■ **HOW TO COMPLETE THIS TASK**: Return the lines exactly as they stand, from the first of the material through the line containing "Glamorous Bling Pointed".

■ **EXTRACTED INFORMATION**:
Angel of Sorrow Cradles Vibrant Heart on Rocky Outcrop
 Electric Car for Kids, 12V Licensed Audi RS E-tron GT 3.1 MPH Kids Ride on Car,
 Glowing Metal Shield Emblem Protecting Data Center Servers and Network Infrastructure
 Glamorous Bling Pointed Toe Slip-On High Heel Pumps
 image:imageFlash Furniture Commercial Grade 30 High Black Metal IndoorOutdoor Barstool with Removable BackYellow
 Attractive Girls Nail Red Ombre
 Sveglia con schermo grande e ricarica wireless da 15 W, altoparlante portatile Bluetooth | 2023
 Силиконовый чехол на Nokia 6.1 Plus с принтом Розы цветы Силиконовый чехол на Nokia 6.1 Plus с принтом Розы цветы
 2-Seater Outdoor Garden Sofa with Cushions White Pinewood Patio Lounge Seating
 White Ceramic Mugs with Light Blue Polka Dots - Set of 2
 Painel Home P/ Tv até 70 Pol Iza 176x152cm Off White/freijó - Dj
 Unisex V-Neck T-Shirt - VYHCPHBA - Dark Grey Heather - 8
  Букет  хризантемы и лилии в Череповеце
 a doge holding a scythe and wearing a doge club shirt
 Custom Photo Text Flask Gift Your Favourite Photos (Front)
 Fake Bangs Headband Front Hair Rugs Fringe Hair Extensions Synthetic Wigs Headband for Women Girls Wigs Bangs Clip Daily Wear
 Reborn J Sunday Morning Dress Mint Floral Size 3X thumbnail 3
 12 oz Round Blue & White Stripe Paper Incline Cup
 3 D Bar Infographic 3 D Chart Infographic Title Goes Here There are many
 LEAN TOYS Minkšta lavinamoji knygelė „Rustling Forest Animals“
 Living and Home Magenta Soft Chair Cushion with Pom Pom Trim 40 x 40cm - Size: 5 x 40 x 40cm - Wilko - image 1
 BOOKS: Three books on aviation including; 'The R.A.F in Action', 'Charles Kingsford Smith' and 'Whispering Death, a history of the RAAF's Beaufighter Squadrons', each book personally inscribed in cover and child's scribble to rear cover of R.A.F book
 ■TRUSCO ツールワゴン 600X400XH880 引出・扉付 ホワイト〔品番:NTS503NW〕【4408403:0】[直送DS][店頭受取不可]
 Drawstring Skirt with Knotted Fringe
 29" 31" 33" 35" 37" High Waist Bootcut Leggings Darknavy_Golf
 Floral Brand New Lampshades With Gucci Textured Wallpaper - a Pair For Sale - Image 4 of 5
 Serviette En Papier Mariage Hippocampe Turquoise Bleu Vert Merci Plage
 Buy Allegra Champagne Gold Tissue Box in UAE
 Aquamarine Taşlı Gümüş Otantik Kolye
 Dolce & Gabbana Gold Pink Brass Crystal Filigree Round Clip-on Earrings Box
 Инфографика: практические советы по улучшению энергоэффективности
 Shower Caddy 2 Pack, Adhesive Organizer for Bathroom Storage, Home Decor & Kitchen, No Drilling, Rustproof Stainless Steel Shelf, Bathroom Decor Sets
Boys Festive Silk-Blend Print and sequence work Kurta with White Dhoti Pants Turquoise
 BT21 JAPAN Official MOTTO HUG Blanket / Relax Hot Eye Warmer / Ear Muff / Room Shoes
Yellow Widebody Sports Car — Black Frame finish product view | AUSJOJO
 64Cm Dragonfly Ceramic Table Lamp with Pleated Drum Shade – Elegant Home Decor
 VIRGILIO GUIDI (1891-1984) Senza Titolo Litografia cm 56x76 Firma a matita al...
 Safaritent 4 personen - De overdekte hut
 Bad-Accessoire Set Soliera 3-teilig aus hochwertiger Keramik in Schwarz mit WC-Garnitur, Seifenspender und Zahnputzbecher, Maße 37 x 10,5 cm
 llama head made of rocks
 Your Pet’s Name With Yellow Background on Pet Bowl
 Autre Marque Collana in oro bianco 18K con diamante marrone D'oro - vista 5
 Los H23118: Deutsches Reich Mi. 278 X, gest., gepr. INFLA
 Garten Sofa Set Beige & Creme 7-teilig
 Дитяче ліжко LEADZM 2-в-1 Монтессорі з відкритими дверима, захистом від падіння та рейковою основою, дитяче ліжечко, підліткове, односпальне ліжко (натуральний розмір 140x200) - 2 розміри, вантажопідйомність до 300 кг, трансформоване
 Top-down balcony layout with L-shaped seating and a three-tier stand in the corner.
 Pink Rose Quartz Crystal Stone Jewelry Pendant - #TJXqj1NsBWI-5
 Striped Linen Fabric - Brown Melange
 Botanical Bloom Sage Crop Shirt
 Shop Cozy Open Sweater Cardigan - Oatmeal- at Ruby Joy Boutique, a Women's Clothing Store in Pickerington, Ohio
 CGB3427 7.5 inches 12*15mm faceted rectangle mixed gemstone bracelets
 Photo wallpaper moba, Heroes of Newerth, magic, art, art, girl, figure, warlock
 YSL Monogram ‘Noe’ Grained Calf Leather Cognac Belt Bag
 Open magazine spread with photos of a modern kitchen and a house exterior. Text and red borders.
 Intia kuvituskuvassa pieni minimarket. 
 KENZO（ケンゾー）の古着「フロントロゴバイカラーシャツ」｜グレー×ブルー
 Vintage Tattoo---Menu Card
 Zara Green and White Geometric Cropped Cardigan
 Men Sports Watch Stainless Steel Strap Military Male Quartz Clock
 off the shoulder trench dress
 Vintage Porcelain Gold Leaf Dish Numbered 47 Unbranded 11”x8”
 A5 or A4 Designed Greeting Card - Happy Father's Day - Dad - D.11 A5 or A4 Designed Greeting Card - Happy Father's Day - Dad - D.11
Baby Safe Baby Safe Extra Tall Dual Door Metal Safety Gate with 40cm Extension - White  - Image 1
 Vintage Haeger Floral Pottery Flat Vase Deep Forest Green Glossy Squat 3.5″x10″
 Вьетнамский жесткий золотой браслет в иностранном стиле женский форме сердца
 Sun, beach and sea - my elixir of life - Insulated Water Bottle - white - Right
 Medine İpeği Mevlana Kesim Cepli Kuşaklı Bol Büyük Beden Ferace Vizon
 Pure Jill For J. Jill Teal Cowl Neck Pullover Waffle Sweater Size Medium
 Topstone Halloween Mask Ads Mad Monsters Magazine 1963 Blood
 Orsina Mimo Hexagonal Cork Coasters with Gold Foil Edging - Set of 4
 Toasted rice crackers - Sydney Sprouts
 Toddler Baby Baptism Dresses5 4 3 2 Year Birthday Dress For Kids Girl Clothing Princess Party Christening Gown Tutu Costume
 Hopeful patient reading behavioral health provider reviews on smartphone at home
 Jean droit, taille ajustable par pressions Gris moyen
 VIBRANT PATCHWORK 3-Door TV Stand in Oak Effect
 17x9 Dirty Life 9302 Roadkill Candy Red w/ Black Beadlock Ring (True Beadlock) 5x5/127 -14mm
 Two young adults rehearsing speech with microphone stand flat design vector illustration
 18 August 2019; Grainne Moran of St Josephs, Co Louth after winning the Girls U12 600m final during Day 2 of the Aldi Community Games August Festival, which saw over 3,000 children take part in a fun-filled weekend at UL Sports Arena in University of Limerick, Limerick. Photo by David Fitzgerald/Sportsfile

■ **SOLUTION TO THIS TASK**:
Angel of Sorrow Cradles Vibrant Heart on Rocky Outcrop
 Electric Car for Kids, 12V Licensed Audi RS E-tron GT 3.1 MPH Kids Ride on Car,
 Glowing Metal Shield Emblem Protecting Data Center Servers and Network Infrastructure
 Glamorous Bling Pointed Toe Slip-On High Heel Pumps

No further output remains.